DEALING WITH FAMILY

Dealing (or NOT dealing) with family in sobriety. Family is a HUGE trigger for me. Family can just irritate the shit out of me— they know where all my fucking buttons are— ugh…..annoying, BUT, I can either choose to let them get to me or not. Some days are better than others— meaning, if I’m taking care of myself physically, emotionally, mentally and spiritually, then I’m less likely to REACT. That’s the thing, I can either REACT or RESPOND. Responding is way better. Hey, the less amends I have to make, the better. I hate making amends and I rarely use the word hate. And sleep— getting enough sleep is important, but I don’t usually make sleep a priority and I pay for that fucking shit. I can make excuses ALL day about why I don’t get to bed at a decent hours, but that doesn’t change anything— I’m the one who suffers. Ugh…..

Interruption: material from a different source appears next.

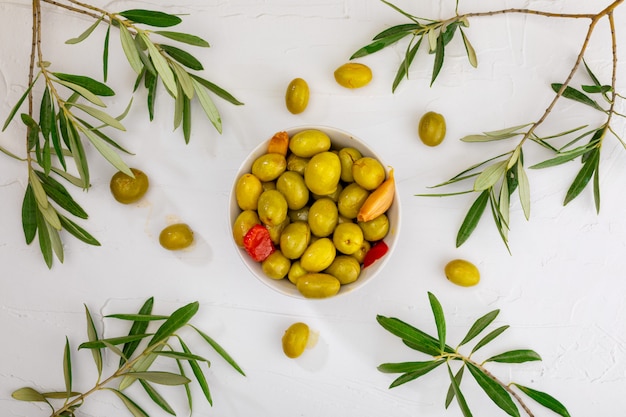 Artisan olives (canned in extra virgin olive oil, vinegar, spices) with red peppers and garlic. Appetizer concept.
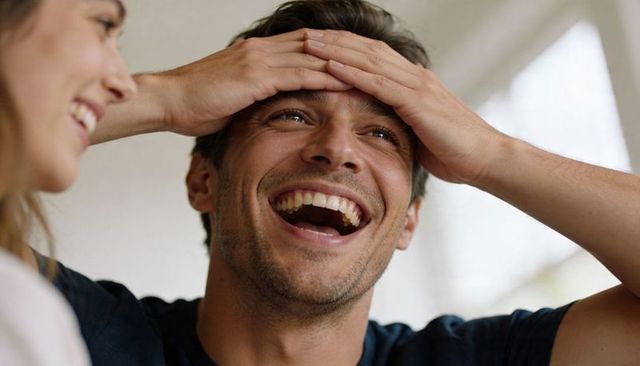Young man laughing holding head while partner smiling nearby in bright sunlit living room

And PAUSING. Pausing is KEY. The more I pause, the less amends I have to make. The old me would like to shoot off an angry text or email in the heat of things, but now, I’d say 90% of the time, I pause and run it by a friend before making a stupid mistake. And then other times, I’m not so gracious and I let my emotions get the better of me. Live and learn. That’s the deal— you can learn something from EVERY SINGLE INCIDENT in life— if you’re willing to.